• _Problem requirements_
Only the lines from the one containing "Hastings Caves and" to the end of the listing below should be returned, exactly as written and without pictures.

-------- Supplied material --------

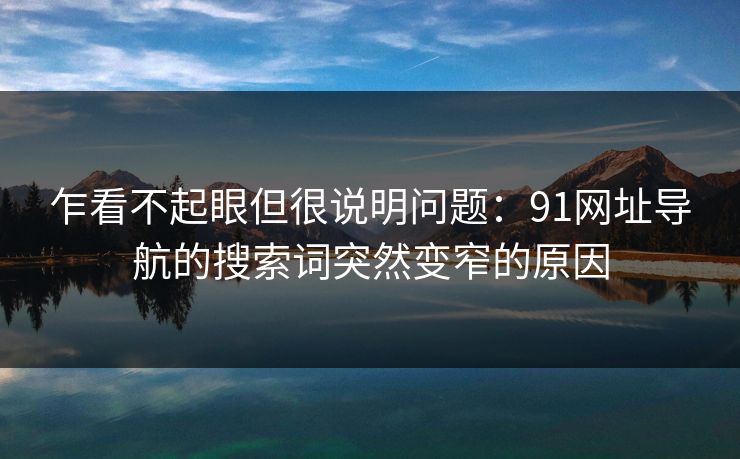 乍看不起眼但很说明问题：91网址导航的搜索词突然变窄的原因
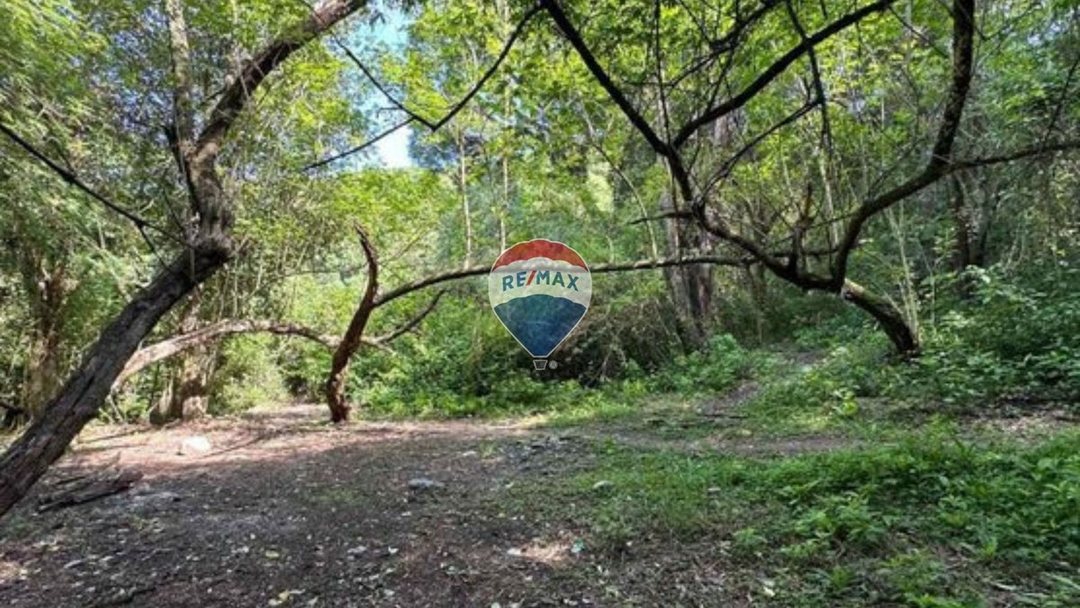 VENTA TERRENO 9667,20 M2 LOS PERALES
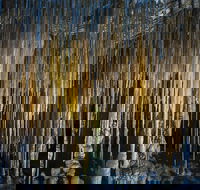 Hastings Caves and Thermal Springs - Accommodation Ballina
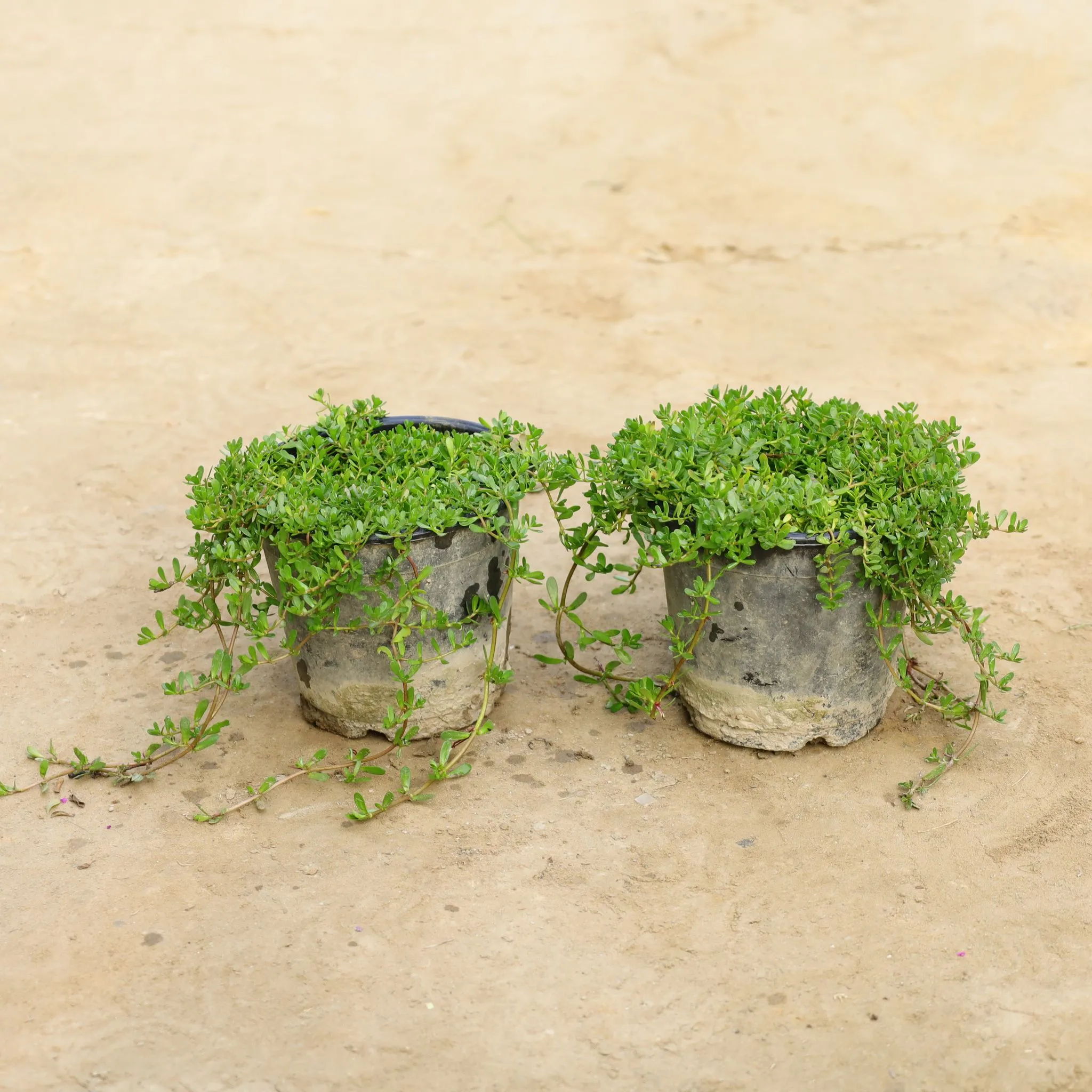 Set Of 2 - Brahmi Dollar / Pennywort in 6 Inch Nursery Bag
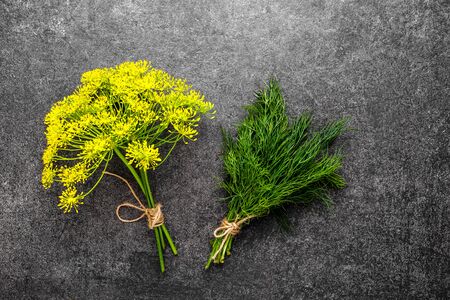 Culinary herbs. Green fresh dill bunch and flower of dill harvested freshly from the garden.の写真素材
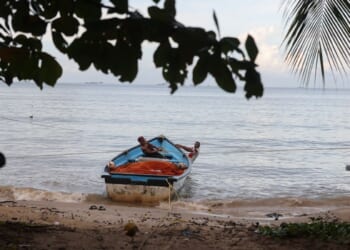 A Path to Defeating the Drug Cartels in Caribbean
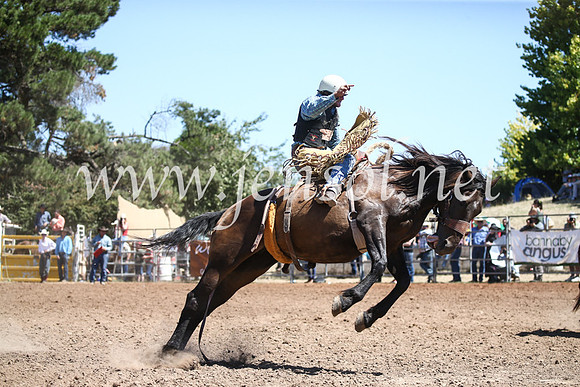 TaralgaRodeoSun2017_3281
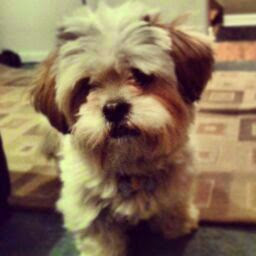 Philip Avila Photo 23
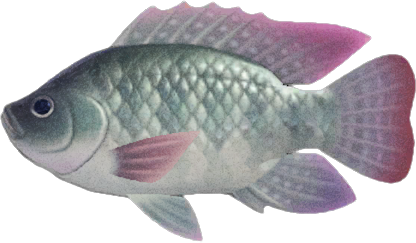 Animal Crossing Tilapia Image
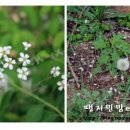 흥원목장 이미지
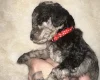 Cockapoo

--------

• _Exercise solution_
 Hastings Caves and Thermal Springs - Accommodation Ballina
 Set Of 2 - Brahmi Dollar / Pennywort in 6 Inch Nursery Bag
 Culinary herbs. Green fresh dill bunch and flower of dill harvested freshly from the garden.の写真素材
 A Path to Defeating the Drug Cartels in Caribbean
 TaralgaRodeoSun2017_3281
 Philip Avila Photo 23
 Animal Crossing Tilapia Image
 흥원목장 이미지
 Cockapoo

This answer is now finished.